▶ **EXERCISE DESCRIPTION**
Every line from the one holding "파일집 서류파우치 손잡이파일케이스 똑딱이 A4클리어파일, (세로)" through the last line of the records must be retyped exactly, and no other line or picture may appear in the copy.

Brief descriptive captions:

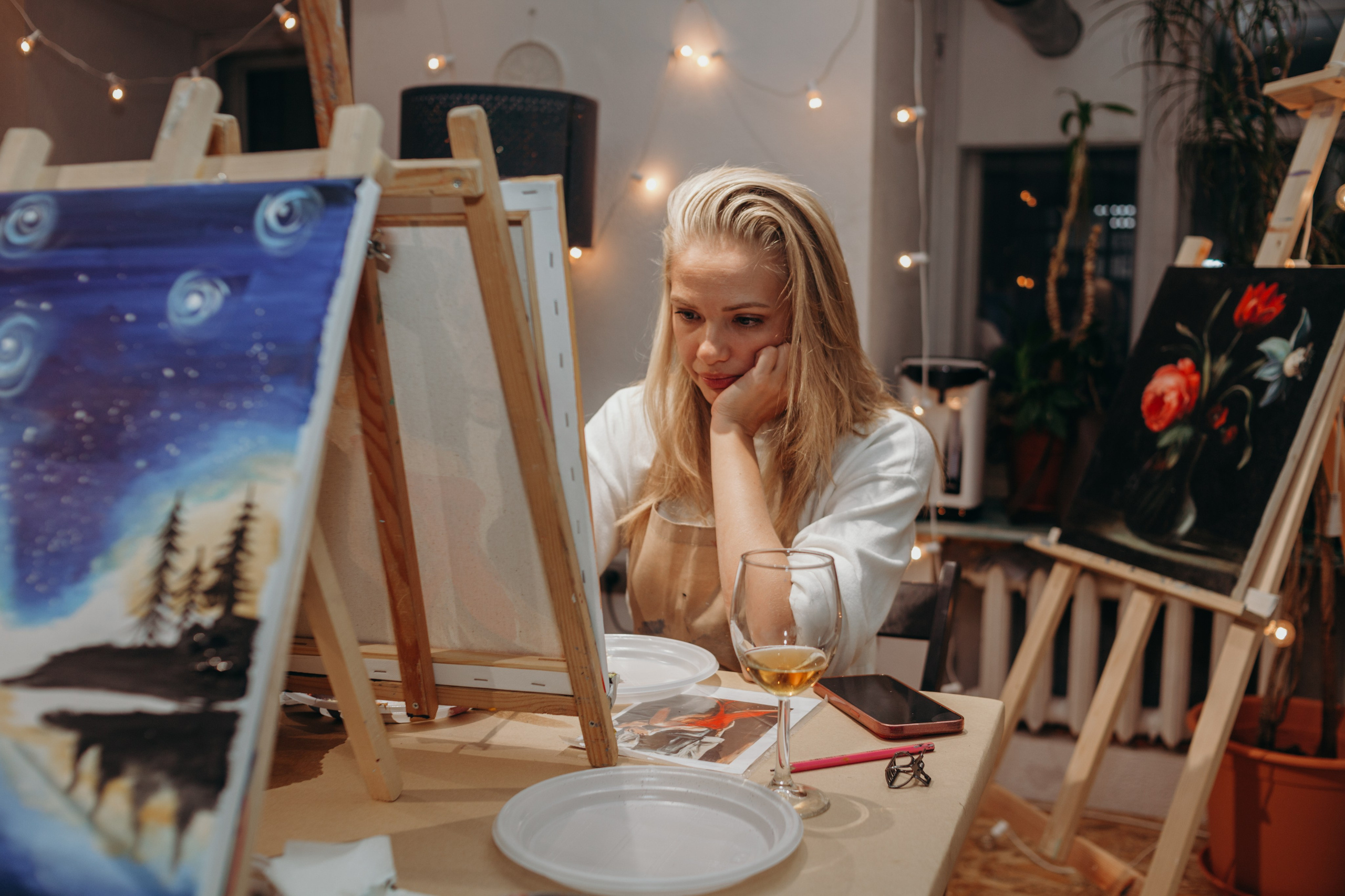 Мастер-класс по живописи. Семейный фотограф во Всеволожске и Санкт-Петербурге Юлия Капустина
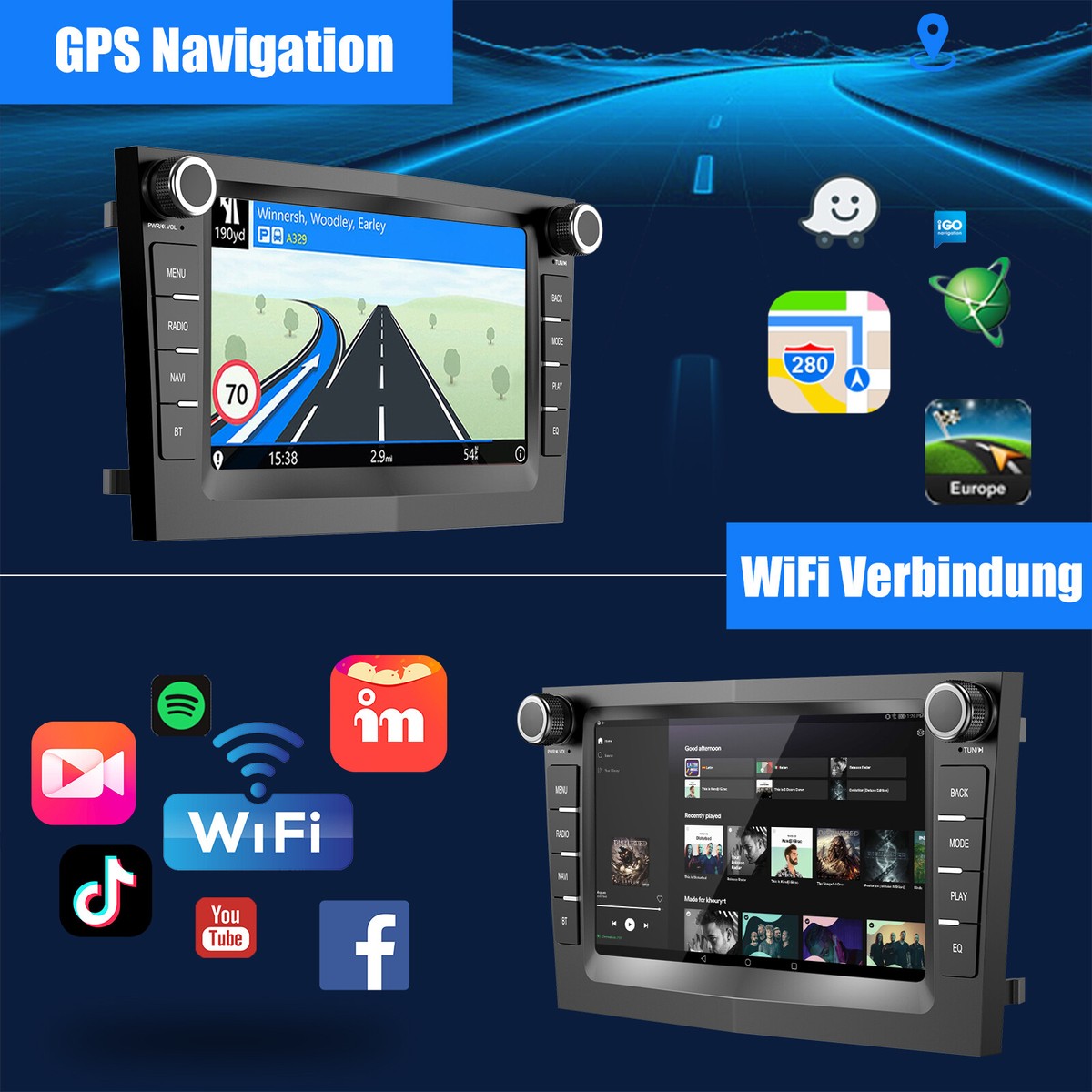 DAB+ Carplay Android14 Autoradio GPS Navi BT Für Opel Zafira B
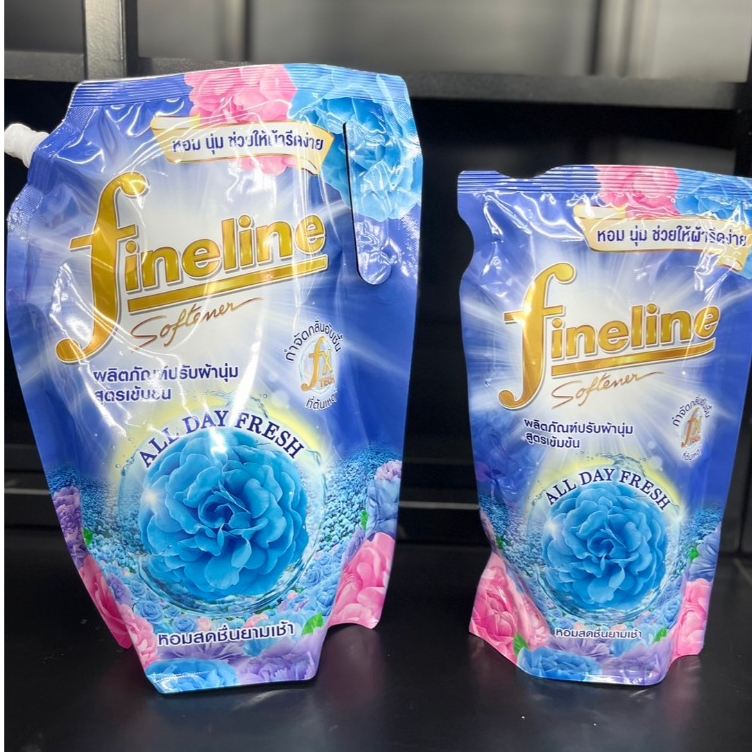 Fineline น้ำยาปรับผ้านุ่มออเดย์เฟรช สูตรเข้มข้น  กลิ่น มอร์นิ่งเฟรช  มี 2 ขนาด 450-1150 มล.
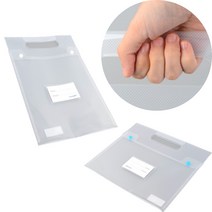 파일집 서류파우치 손잡이파일케이스 똑딱이 A4클리어파일, (세로)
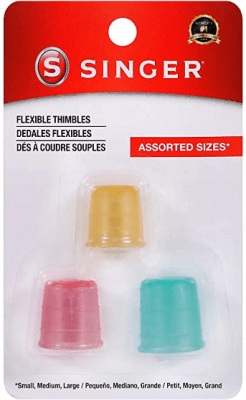 Dedales de Silicona Flexibles - Singer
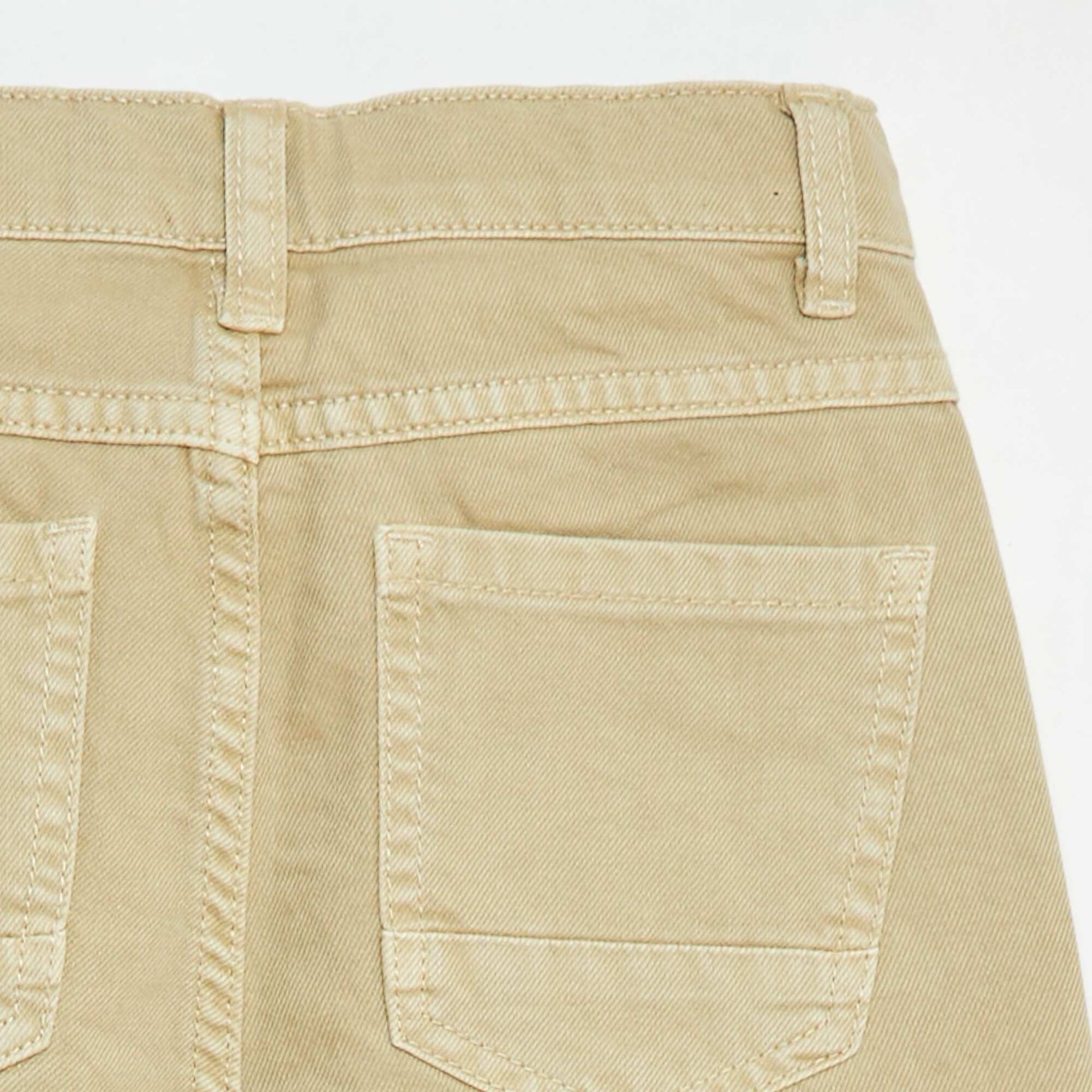 Straight-leg trousers - regular fit with 5 pockets WHITE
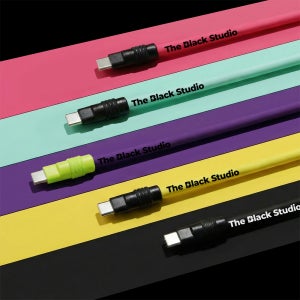 더블랙스튜디오 실리콘 C to C타입 초고속 충전 240w 데이터 아이폰 갤럭시 태블릿맥북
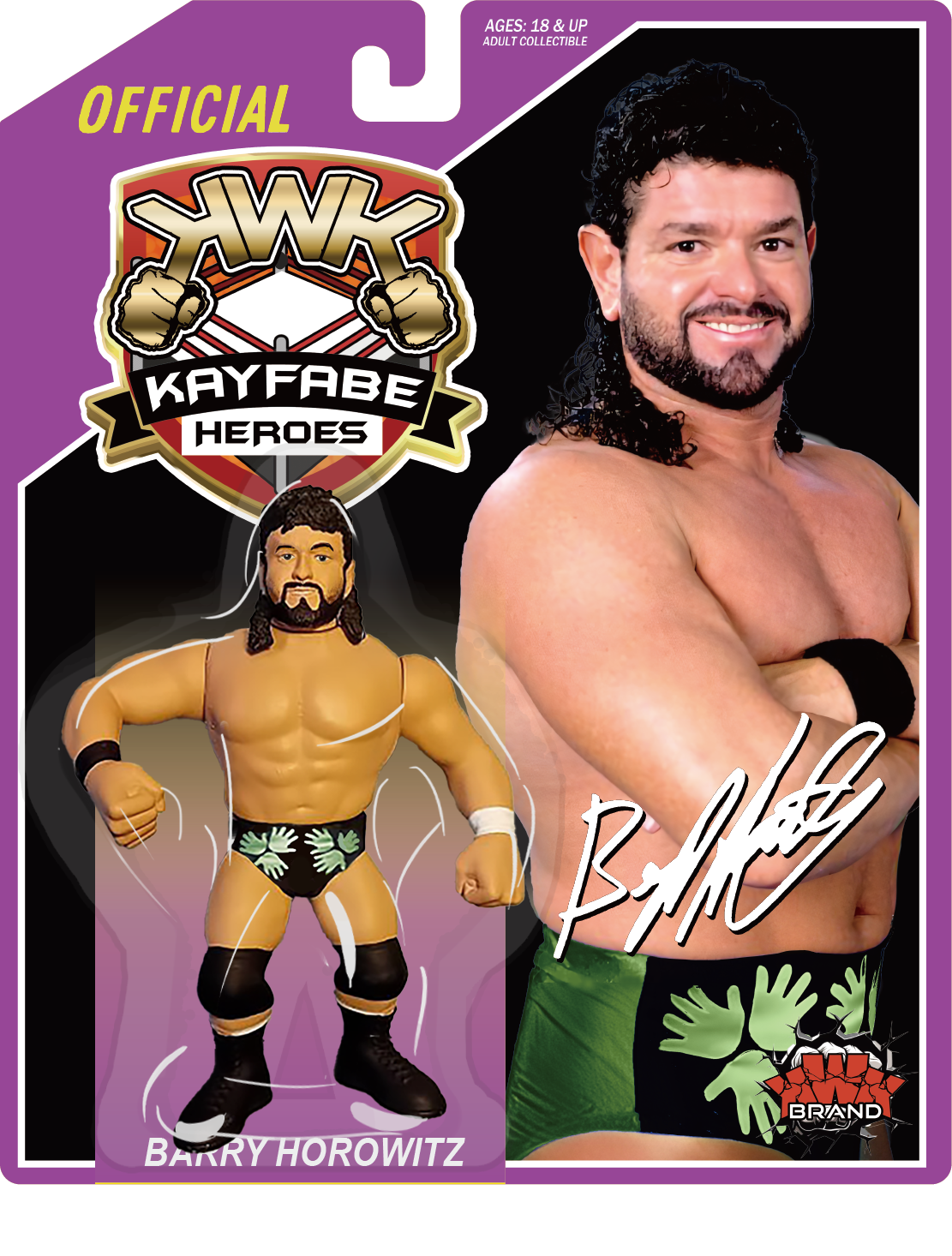 KWK Kayfabe Heroes - Barry Horowitz (Full Set of 4)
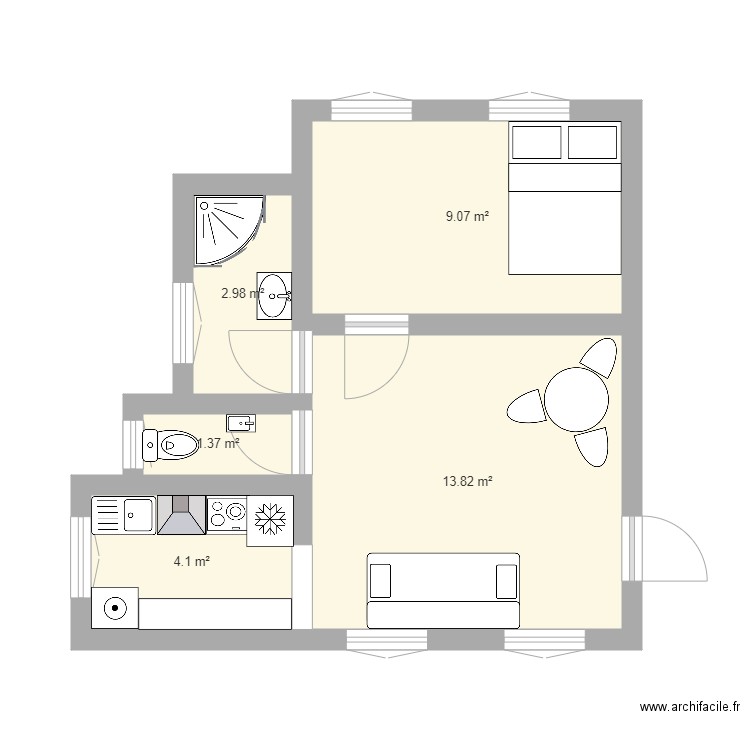 appartement . Plan de 0 pièce et 0 m2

▶ **FINISHED TASK**
 파일집 서류파우치 손잡이파일케이스 똑딱이 A4클리어파일, (세로)
 Dedales de Silicona Flexibles - Singer
 Straight-leg trousers - regular fit with 5 pockets WHITE
 더블랙스튜디오 실리콘 C to C타입 초고속 충전 240w 데이터 아이폰 갤럭시 태블릿맥북
 KWK Kayfabe Heroes - Barry Horowitz (Full Set of 4)
 appartement . Plan de 0 pièce et 0 m2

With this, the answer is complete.